Essentially, code reviews in a mailing list are much like a discussion thread in Hacker News or Reddit where the thread structure is very similar. The only difference is that most mail clients only allow you to display one message at a time.

In my mail client, Thunderbird, you can see the overall thread structure of a patchset discussion. This is the root message for the thread which serves as the cover letter (which is the equivalent of the PR description) [2]. The first commit in the patch is displayed here [3] (note that I have a plugin that enables diff syntax highlighting). The email subject is the commit message title (with the [PATCH v2 1/3] tag prepended to it). The commit message itself is the beginning of the email, and the diff follows.

Unlike Github (and maybe Gitlab), the commit message and diffstat is treated at the same level as the diff itself. That means you can comment on it just like you would on the diff.
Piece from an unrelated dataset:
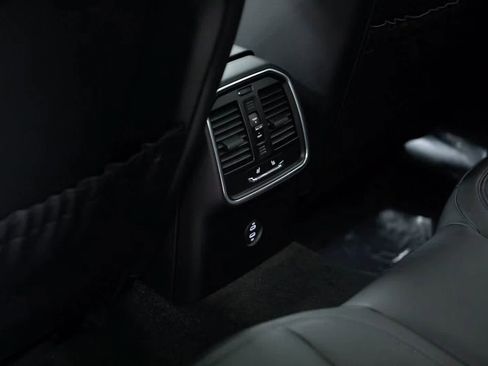 Certified 2025 Porsche Macan image 28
Here, you can see the Junio C Hamano's comments on the second commit in the patch set [4]. He's commenting on the diffstat line which shows 391 lines lines added to the builtin/submodule--helper.c file. Further down in the same message [5], he's commenting on the code inline, much like someone would quote a message here on HN and reply inline to multiple sections of it. It's not really that different compared to comments on a diff in Github or Gitlab other than the fact that it's a reply to an email message rather than a web page.

[1] https://i.imgur.com/QmqUWR8.png

[2] https://i.imgur.com/mILREtf.png

[3] https://i.imgur.com/gdoy5zs.png

[4] https://i.imgur.com/BcTdRRe.png

[5] https://i.imgur.com/cCpqsOL.png

I will be honest, I don't even use email client :/
True, I suppose most people use Gmail or one of the other major email providers through a webmail interface. I haven't been able to get Gmail or Hotmail to display threaded messages the way they're displayed in Thunderbird and they tend to display messages using a variable width font.
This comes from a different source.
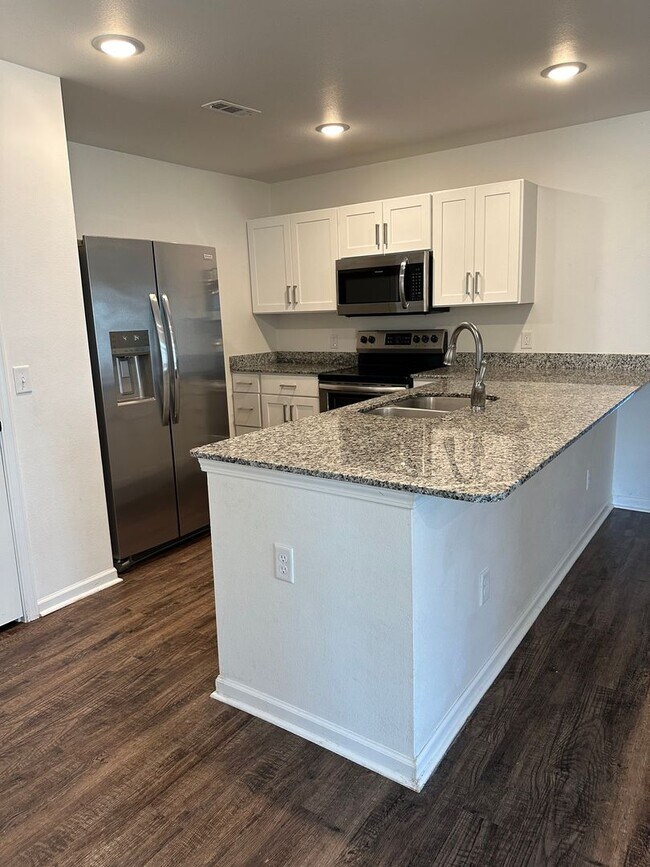 Foto del edificio - Newly built 3 bedroom, 2 bathroom duplex w...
In that context, reviewing code would be difficult, if not impossible, to do via email.

It is one advantage to mailpatch though. A lack of vendor lock-in means you can view the patch using whatever application you want. And there's room for a better mailpatch viewer, if anyone could be bothered to make one.

I'm guessing one disadvantage is the method of diff is hard-coded into the patch. It would be good to switch to word-diff, or ignore whitespace, but I'd imagine these could be applied as transformations on the generic format.
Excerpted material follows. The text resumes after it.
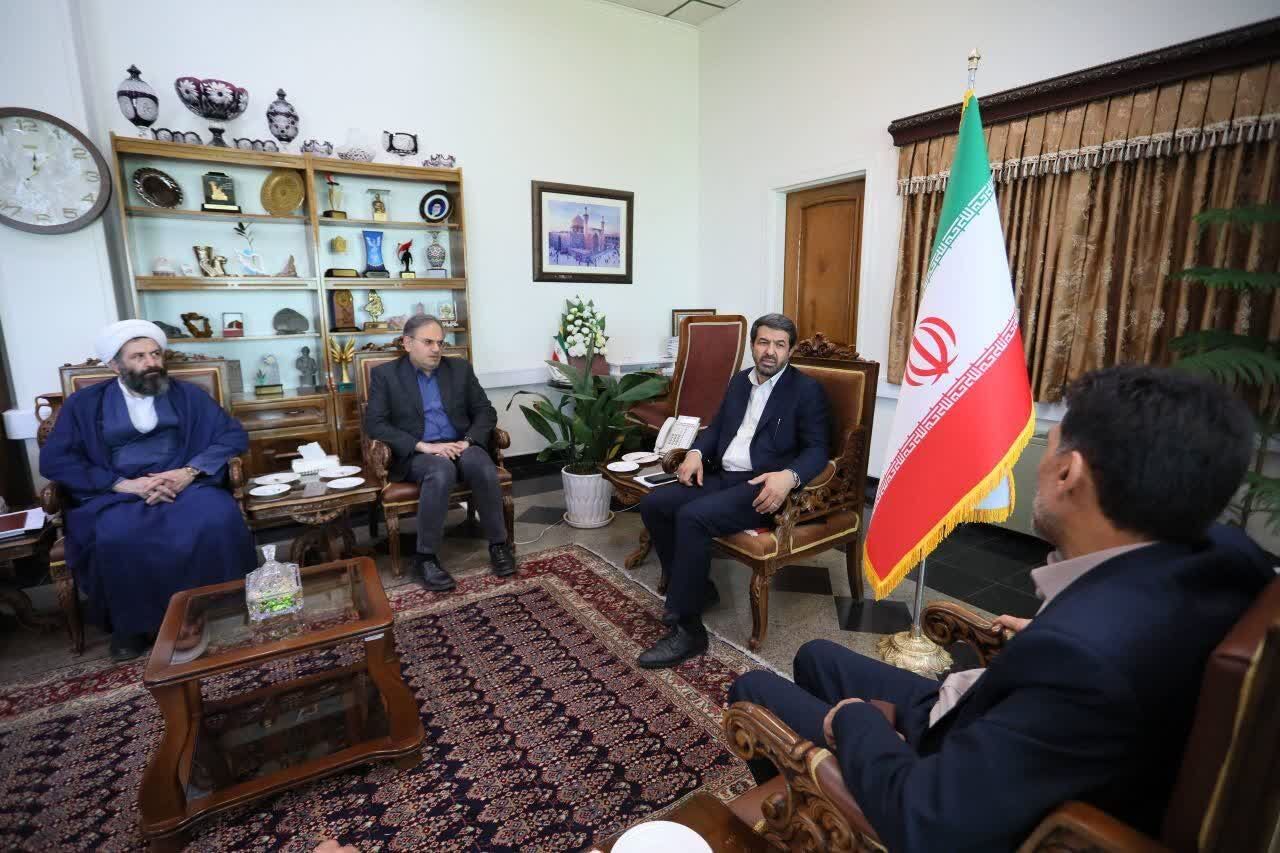 ملانوری شمسی: مُدهامّتان باید به یک جریان قرآنی ماندگار در کشور تبدیل شود/نیلی: اکران مستند «رهبر قرآنی» برای اولین بار در هجدهمین دوره مسابقات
> I'm guessing one disadvantage is the method of diff is hard-coded into the patch. It would be good to switch to word-diff, or ignore whitespace, but I'd imagine these could be applied as transformations on the generic format.

The plugin I use in Thunderbird can switch between unified, context, and side-by-side diff views based on the same email. Adding the transformations you mentioned could be done.

But one limitation that email has over other review tools is the lack of ability to expand the view of the context within the client. The only way I could think of is to have git format-patch generate the diff with the entire context included and then have the client limit the display of that context. But that not have a reasonable fallback for those using clients that aren't capable or configured to do that.

That should be an easy problem to fix:

Just send out email in HTML format with the code portions set to fixed width font and syntax highlighting already applied. Should display just fine in GMail.

> Just send out email in HTML format with the code portions set to fixed width font and syntax highlighting already applied

That won't work because people actually download those email messages and apply them to their local repository with the git am command and they also expect to be able to reply to the email inline when commenting on a patch. Also, for mail clients that don't support HTML rendering, it would be much more difficult to read or respond to an HTML email.